The work of Karl Holmqvist (b.1964) revolves around inter-human communication, experiments with language in all its aspects, and texts that he presents in printed as well as sonic form. In his performances and videos both the spoken and written word feature centrally. In his works Holmqvist often refers to other artists and figures extracted from popular culture, in particular to the world of rock and pop, as well as religion and politics. His work thereby often smacks of social involvement. Holmqvist’s interactive game of language and text attempts to measure the temperature of our everyday life. As a contemporary counterpart to Vito Acconci’s historically important language based oeuvre that is being shown in parallel, Argos presents Holmvqist’s ‘I’m with you in Rockland’, a video work that is exclusively composed of a black image with white subtitles, where the artist on the soundtrack navigates between extraneous quotes extracted from the media and pop culture.
 
I’m With You in Rockland
Video, 25’, 2005.
The text-based ’I’m With You in Rockland’ openly refers to Allen Ginsberg’s well-known poem ‘Howl’ from 1955 (in which the third part has the same title) and adds elements from popular culture together in a way that closely relates to slam poetry. The work commences with a black screen and the heavy, somewhat excited breathing of a man. In the rest of the work the image is also missing; all that is visible is white text on a black screen. As the title suggests, Holmqvist found inspiration in many rock and pop favourites, examples of which are: ’Cigarettes & Alcohol’ (Oasis, 1994), ’New York, New York’ (Liza Minelli, 1977; Frank Sinatra, 1979) and ’Like A Prayer’ (Madonna, 1989). Further to this Holmqvist refers to several figures from popular culture (celebrities such as: Bianca Jagger, Jerry Hall, Oprah Winfrey) and literature (’Around the World in 80 Days’; Jules Verne, 1873). Clichés and platitudes spewed-out by the daily media on fashion, economy, and ‘heavy’ subjects like gated communities, safety, or ‘the war on terror’, are reviewed. Holmqvist adds together all these elements; he strings one to another by association – villainously, around the central question: ‘How do you say?’ – and recites/sings them, randomly.
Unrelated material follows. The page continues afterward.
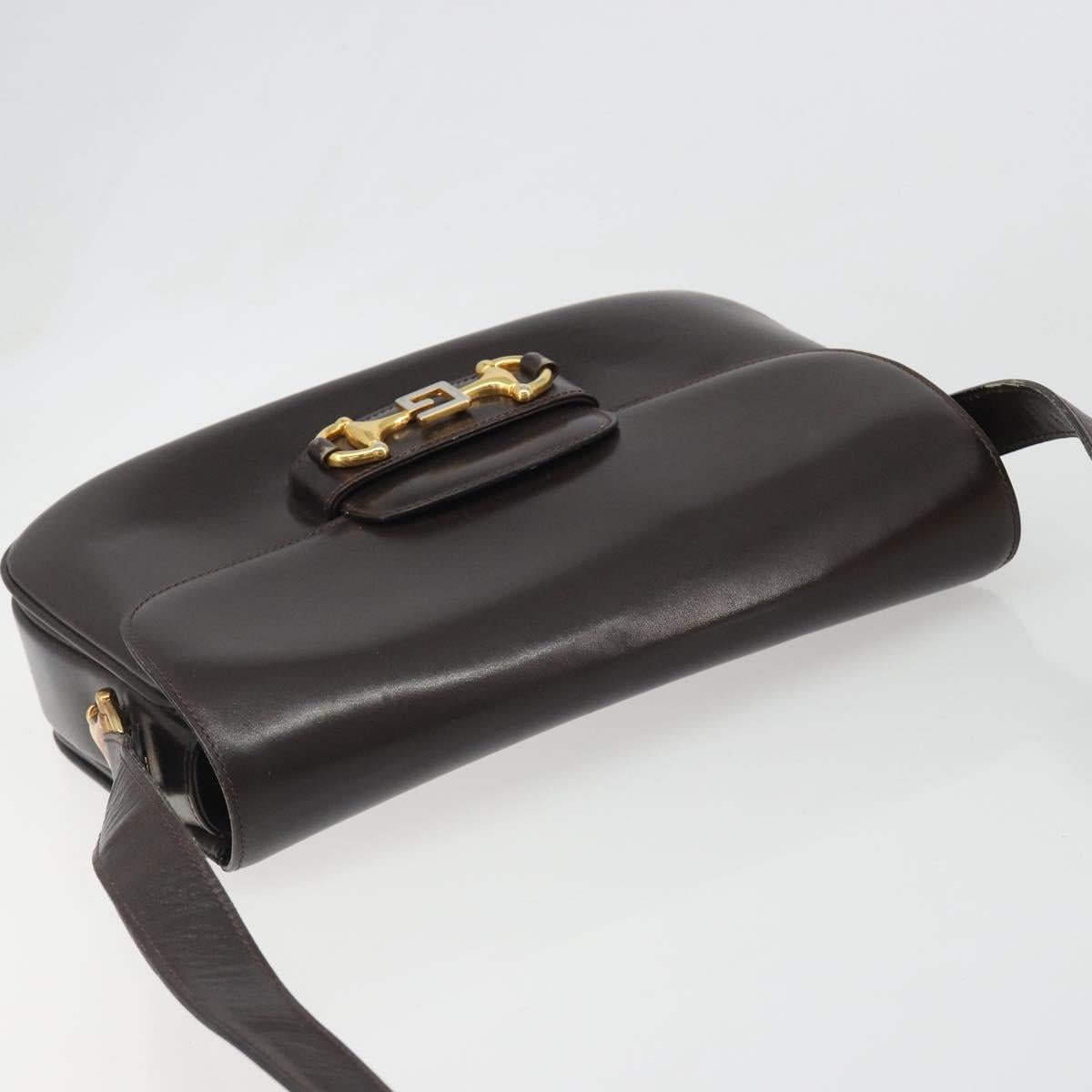 GUCCI Shoulder Bag Leather Brown Gold Auth ka4228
The combination of Holmqvist’s somewhat sour yet inward recitation combined with the blinking texts on a black screen, lend ’I’m With You in Rockland’ a charming character. Holmqvist kneads his references together into an idiosyncratic ideology, an often politically loaded statement about the contemporary position of the culture of mass consumption. ’I’m With You in Rockland’ stimulates, asking the viewer to take an active position; depending on the frame of reference of the recipient the words come across as alternately serious, funny, and moving.